*Records*
<<<<

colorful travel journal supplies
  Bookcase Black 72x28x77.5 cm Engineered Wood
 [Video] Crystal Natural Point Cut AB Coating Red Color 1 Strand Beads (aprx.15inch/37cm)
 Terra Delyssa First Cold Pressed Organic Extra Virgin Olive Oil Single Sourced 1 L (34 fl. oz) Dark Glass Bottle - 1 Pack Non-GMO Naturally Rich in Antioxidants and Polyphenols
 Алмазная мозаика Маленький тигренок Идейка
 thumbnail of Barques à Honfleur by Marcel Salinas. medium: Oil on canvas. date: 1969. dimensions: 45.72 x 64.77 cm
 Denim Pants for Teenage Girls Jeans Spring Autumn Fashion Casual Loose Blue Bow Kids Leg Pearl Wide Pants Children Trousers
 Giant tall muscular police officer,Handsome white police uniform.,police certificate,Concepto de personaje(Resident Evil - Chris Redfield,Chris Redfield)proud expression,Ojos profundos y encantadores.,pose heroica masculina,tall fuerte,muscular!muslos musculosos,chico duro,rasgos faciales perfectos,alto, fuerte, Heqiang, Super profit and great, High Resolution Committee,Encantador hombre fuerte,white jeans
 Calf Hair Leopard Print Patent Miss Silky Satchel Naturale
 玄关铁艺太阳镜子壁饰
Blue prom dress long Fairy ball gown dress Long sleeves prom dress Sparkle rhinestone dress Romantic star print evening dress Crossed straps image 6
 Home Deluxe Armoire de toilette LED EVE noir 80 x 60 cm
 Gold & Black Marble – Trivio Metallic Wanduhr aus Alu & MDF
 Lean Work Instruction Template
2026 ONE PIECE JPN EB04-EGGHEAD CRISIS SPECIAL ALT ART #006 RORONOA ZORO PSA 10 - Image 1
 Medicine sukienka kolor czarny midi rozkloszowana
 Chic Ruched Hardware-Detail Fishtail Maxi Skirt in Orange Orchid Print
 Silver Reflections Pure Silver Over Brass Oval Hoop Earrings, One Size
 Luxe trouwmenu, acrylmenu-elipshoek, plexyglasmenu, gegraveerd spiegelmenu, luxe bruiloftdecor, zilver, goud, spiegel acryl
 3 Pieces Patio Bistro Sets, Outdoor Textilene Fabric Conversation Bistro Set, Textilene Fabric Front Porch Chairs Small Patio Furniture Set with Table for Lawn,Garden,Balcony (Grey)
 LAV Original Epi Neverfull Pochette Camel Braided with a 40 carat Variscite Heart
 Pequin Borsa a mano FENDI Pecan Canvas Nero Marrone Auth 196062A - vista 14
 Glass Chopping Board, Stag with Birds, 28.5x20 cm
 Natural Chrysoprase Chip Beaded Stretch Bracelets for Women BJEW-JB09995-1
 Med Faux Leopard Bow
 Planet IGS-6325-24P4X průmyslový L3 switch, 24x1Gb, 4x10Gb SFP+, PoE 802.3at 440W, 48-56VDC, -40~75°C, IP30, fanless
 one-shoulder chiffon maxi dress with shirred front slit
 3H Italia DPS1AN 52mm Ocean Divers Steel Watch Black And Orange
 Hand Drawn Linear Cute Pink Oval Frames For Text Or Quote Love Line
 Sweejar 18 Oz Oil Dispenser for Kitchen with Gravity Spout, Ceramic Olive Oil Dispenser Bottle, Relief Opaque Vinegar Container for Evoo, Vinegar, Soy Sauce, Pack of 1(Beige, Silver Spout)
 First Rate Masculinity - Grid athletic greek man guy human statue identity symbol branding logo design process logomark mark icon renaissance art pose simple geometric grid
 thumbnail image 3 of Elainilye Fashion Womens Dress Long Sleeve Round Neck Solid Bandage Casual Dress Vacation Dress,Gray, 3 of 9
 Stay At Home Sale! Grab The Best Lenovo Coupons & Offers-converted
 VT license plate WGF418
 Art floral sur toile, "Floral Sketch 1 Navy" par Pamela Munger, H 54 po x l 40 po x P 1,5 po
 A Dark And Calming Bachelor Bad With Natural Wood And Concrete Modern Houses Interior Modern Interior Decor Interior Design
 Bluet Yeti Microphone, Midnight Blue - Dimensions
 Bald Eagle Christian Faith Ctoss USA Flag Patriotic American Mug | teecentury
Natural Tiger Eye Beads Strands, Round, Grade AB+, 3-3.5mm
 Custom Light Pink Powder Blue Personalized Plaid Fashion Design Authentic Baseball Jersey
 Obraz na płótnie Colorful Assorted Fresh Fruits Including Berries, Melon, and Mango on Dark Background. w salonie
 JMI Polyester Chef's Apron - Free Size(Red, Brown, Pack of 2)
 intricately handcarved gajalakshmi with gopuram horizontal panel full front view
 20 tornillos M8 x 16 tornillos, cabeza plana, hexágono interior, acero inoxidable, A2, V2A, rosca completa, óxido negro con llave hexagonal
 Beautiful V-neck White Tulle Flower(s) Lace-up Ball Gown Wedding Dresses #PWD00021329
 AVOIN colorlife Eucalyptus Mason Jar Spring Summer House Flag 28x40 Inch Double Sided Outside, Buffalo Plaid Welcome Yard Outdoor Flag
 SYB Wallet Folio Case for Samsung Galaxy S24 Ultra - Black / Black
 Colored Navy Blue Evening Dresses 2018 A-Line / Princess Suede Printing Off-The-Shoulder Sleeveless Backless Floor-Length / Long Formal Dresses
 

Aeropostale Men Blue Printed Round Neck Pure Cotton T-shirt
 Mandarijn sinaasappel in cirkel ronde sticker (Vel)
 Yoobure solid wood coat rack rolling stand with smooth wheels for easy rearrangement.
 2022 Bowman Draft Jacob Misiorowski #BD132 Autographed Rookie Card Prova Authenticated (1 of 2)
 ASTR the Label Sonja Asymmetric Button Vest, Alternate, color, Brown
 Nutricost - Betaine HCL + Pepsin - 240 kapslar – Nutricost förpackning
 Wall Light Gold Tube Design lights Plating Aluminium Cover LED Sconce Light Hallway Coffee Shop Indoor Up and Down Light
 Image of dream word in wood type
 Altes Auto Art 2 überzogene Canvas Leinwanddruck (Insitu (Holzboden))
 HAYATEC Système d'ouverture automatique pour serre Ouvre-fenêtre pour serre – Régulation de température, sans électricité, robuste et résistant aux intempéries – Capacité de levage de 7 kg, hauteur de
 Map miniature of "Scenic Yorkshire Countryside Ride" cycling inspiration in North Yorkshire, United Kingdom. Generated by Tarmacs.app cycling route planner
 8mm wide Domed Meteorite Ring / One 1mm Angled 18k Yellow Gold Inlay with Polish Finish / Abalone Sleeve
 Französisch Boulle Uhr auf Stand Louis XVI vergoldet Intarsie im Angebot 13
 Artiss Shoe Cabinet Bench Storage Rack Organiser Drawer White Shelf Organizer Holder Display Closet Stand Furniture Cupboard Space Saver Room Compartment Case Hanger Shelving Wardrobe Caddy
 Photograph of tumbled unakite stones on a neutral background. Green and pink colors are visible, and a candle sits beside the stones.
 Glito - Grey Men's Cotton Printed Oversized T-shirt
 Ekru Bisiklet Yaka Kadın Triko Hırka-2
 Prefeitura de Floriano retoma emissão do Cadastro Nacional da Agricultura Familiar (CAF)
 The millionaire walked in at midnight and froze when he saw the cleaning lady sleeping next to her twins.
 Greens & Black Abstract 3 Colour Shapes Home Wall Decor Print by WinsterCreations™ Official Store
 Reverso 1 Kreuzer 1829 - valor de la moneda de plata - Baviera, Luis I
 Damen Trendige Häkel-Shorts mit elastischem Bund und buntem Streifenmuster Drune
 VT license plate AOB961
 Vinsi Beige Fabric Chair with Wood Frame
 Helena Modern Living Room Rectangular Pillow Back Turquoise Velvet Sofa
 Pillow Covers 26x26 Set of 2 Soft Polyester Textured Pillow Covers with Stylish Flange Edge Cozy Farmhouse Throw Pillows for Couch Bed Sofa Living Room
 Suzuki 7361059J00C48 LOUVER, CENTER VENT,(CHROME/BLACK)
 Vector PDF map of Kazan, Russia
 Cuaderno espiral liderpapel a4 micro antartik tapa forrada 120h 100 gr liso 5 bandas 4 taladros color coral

>>>>

*Task goal*
Everything from the first line of the records through the line containing "Denim Pants for" is to be set down exactly, while later lines are left out.

*Output for this task*
colorful travel journal supplies
  Bookcase Black 72x28x77.5 cm Engineered Wood
 [Video] Crystal Natural Point Cut AB Coating Red Color 1 Strand Beads (aprx.15inch/37cm)
 Terra Delyssa First Cold Pressed Organic Extra Virgin Olive Oil Single Sourced 1 L (34 fl. oz) Dark Glass Bottle - 1 Pack Non-GMO Naturally Rich in Antioxidants and Polyphenols
 Алмазная мозаика Маленький тигренок Идейка
 thumbnail of Barques à Honfleur by Marcel Salinas. medium: Oil on canvas. date: 1969. dimensions: 45.72 x 64.77 cm
 Denim Pants for Teenage Girls Jeans Spring Autumn Fashion Casual Loose Blue Bow Kids Leg Pearl Wide Pants Children Trousers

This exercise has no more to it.